Publication Details

1. Lessons from the East Asian crisis

Recent developments in certain East Asian countries focused attention on the many pitfalls for the smaller economies of the world on the road to financial globalisation. The reasons for the collapse of financial markets in east Asia may differ from country to country, but a few common shortcomings in the economies of the afflicted countries were identified:

Firstly, in many countries, inappropriate macro-economic policies were applied to defend artificial exchange rates, and/or to maintain interest rates at untenable low levels. These countries were highly successful for many years and they achieved remarkably high average economic growth rates over an extended period of time. Based mainly on an industrious and frugal labour force, they were able to remain competitive, despite the emergence of underlying weaknesses in the economic fundamentals.
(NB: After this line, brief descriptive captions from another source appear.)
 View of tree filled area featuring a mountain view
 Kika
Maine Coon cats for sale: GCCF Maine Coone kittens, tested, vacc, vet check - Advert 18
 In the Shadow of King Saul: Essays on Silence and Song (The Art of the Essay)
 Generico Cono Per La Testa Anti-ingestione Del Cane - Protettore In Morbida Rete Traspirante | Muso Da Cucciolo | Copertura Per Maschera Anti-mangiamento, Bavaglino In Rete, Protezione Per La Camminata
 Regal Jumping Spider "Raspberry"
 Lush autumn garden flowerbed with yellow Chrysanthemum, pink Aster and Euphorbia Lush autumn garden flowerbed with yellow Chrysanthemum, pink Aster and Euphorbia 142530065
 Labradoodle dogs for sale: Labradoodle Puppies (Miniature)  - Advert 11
Secondly, the financial systems did not keep pace with the changing macroeconomic environment. Banking institutions were not properly regulated and monitored, and financial markets were distorted by undue governmental intervention. In some cases, there were insufficient disclosure of basic information that could have enabled investors to make a better assessment of the deteriorating situation at an earlier stage.
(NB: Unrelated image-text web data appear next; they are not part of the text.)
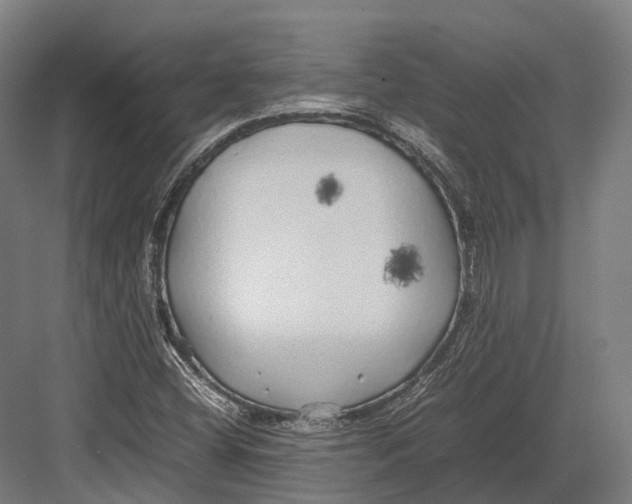 X0000082691404200702161712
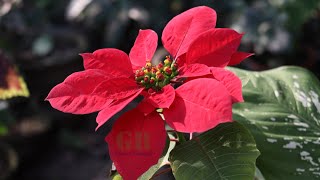 Grow Poinsettia  How to Propagate Poinsettia from Cuttings with Update [upl. by Hadihsar799]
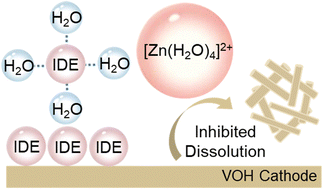 Graphical abstract: Mitigating cathodic dissolution through interfacial water masking to enhance the longevity of aqueous zinc–ion batteries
Thirdly, the countries became overly exposed to foreign capital flows, and vulnerable balance of payments positions developed that could not be managed once confidence faded. Large current account deficits were no longer covered by total capital inflows, and the withdrawal of short-term funds from some countries exacerbated the situation.
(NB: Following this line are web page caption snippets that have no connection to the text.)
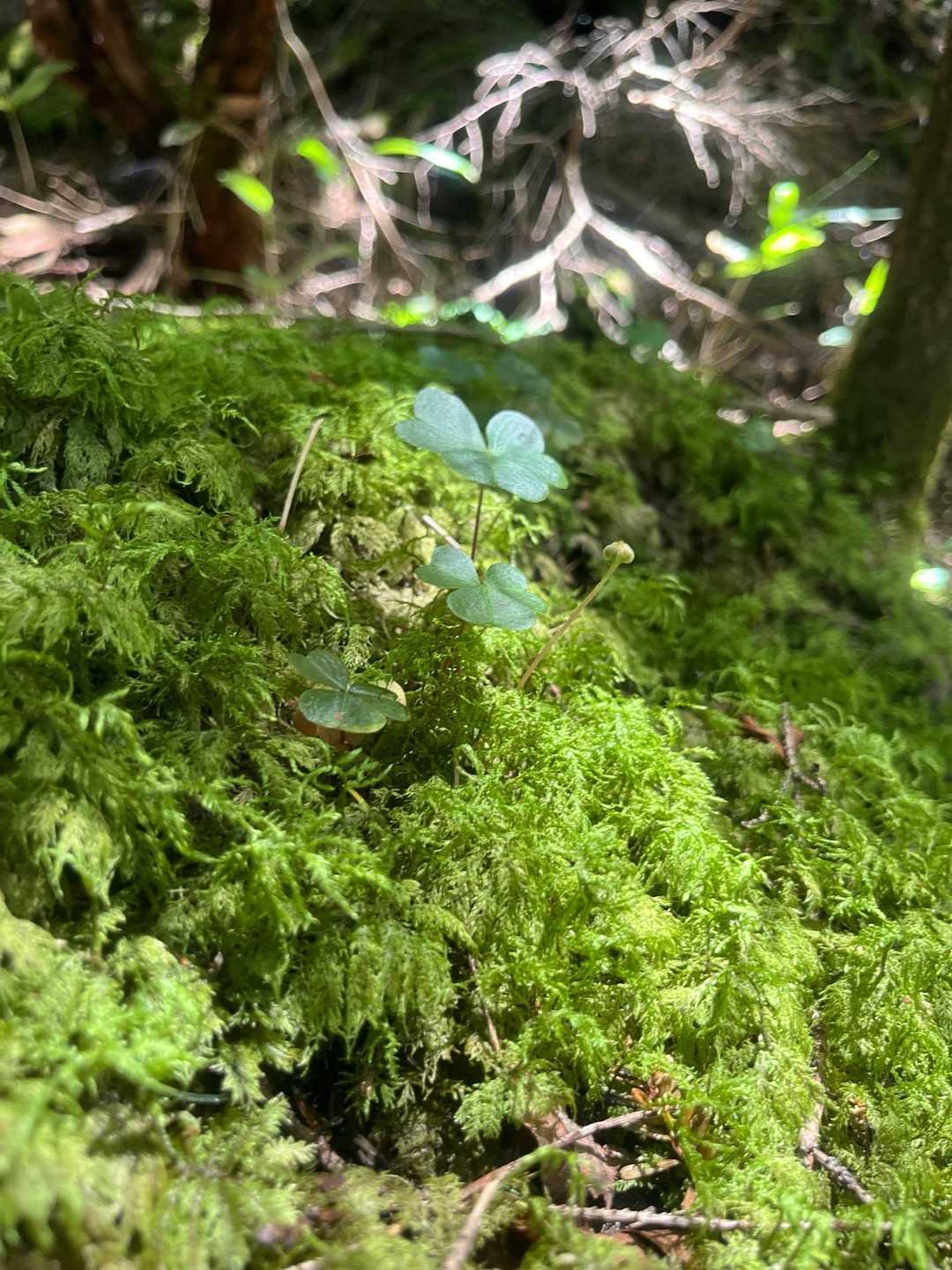 日が当たってかわいいね🌱‬‪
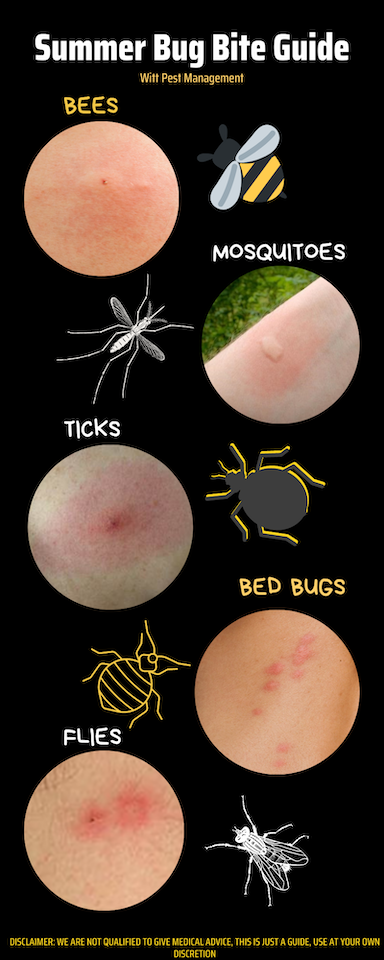 What Bug Is Biting Me?, Summer Bug Bite Guide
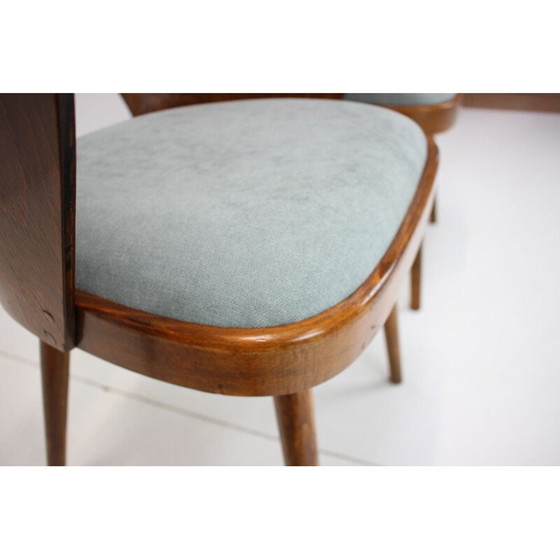 Image 1 of Vintage beechwood dining chair, Czechoslovakia 1960s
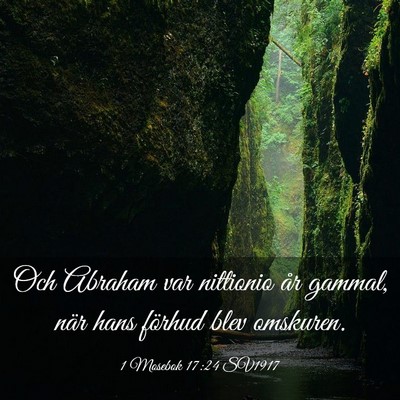 Picture 03 - 1 Mosebok 17:24 SV1917 - Och Abraham var nittionio år gammal, när hans - Bible Verse Picture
Fourthly, bad governance in public and private sector institutions did not realise the seriousness of the underlying adverse developments, and did not take timely corrective action. When the bubble finally burst, the situation had already advanced to a stage where only costly and painful macroeconomic restructuring could salvage these economies.

The experience of the afflicted East Asian countries provides ample evidence of the vulnerability of the smaller, emerging market economies in the environment of financial globalisation. Other countries, including South Africa, can also be subjected by the global financial markets to similar painful corrections, although it might be for completely different reasons. The lesson for South Africa from the East Asian crisis is therefore to be alert, to be cautious, and to be aware of the harsh but not unreasonable disciplines of the global markets.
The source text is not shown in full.